### Data in this exercise
****
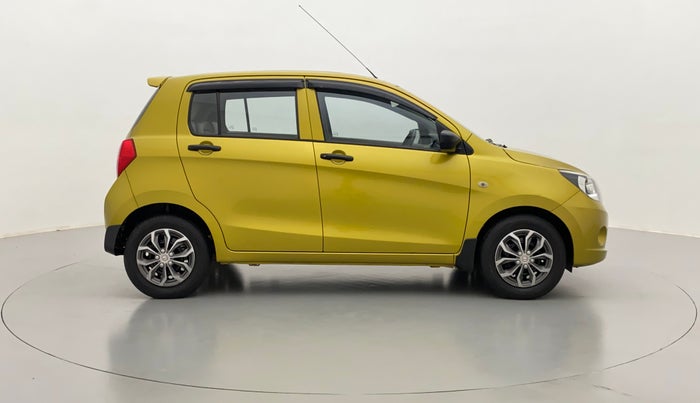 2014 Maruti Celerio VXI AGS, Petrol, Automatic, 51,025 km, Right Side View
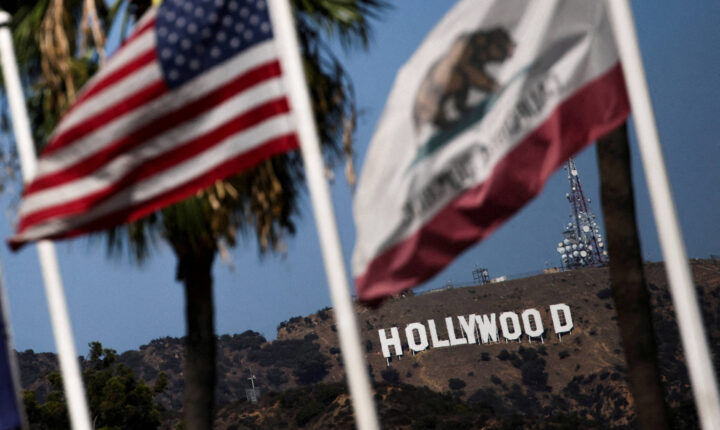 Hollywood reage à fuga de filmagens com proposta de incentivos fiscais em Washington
****
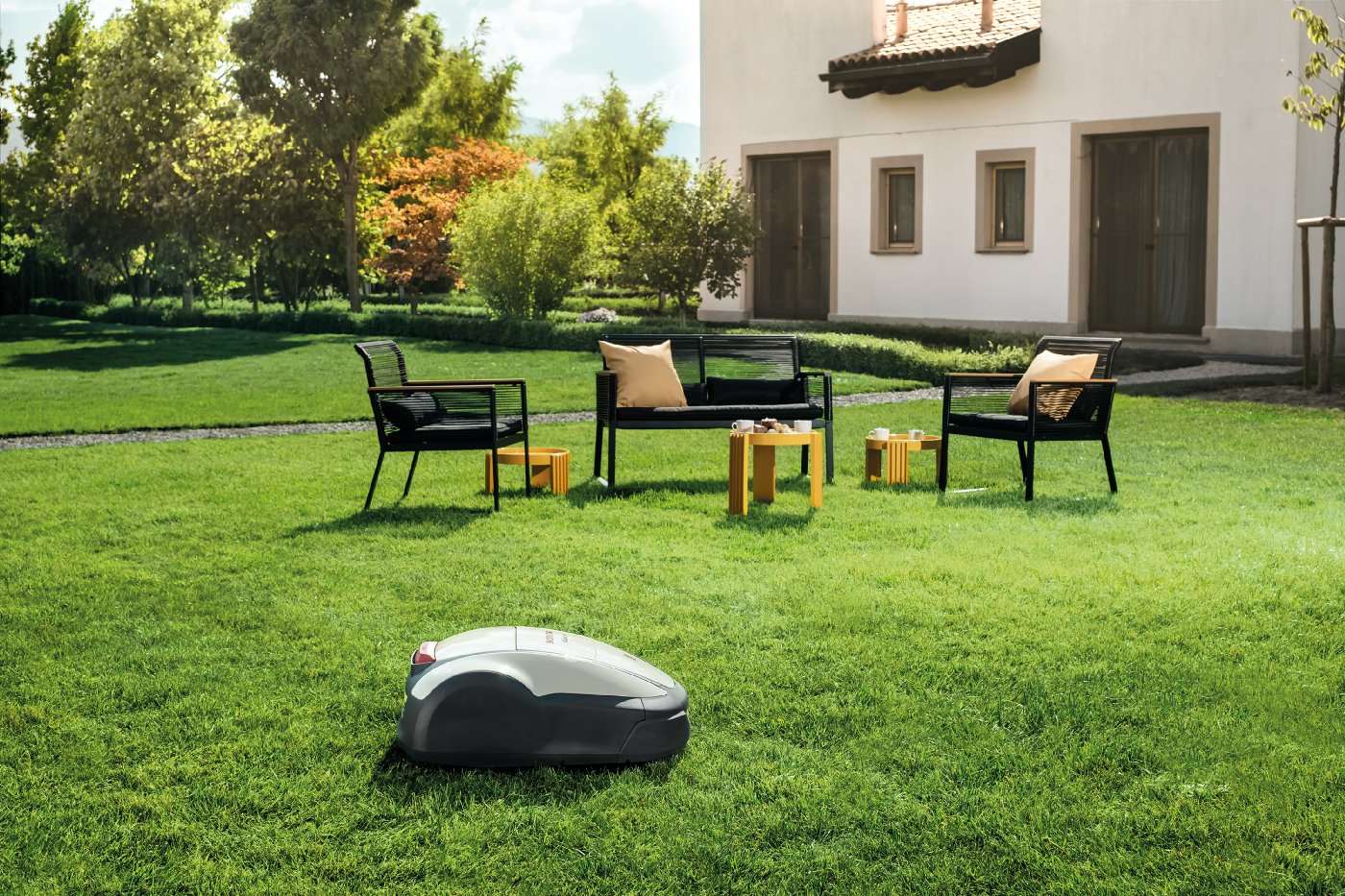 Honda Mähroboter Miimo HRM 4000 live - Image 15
****
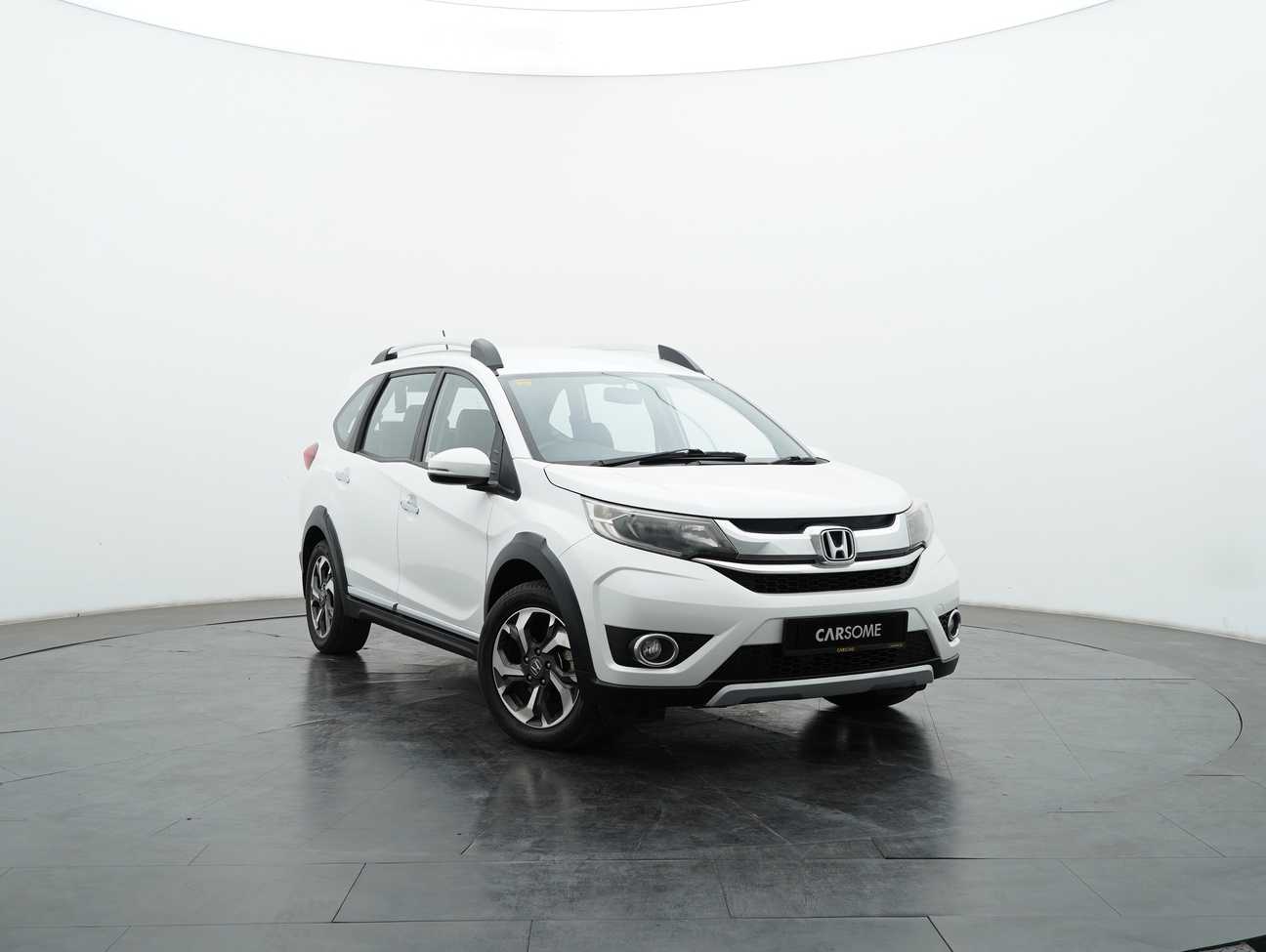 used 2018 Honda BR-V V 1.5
****
### Directions
What is wanted is an exact copy of the lines above from the one containing "2014 Maruti Celerio" through the one containing "Hollywood reage à", with no pictures in it.

### Answer area
 2014 Maruti Celerio VXI AGS, Petrol, Automatic, 51,025 km, Right Side View
 Hollywood reage à fuga de filmagens com proposta de incentivos fiscais em Washington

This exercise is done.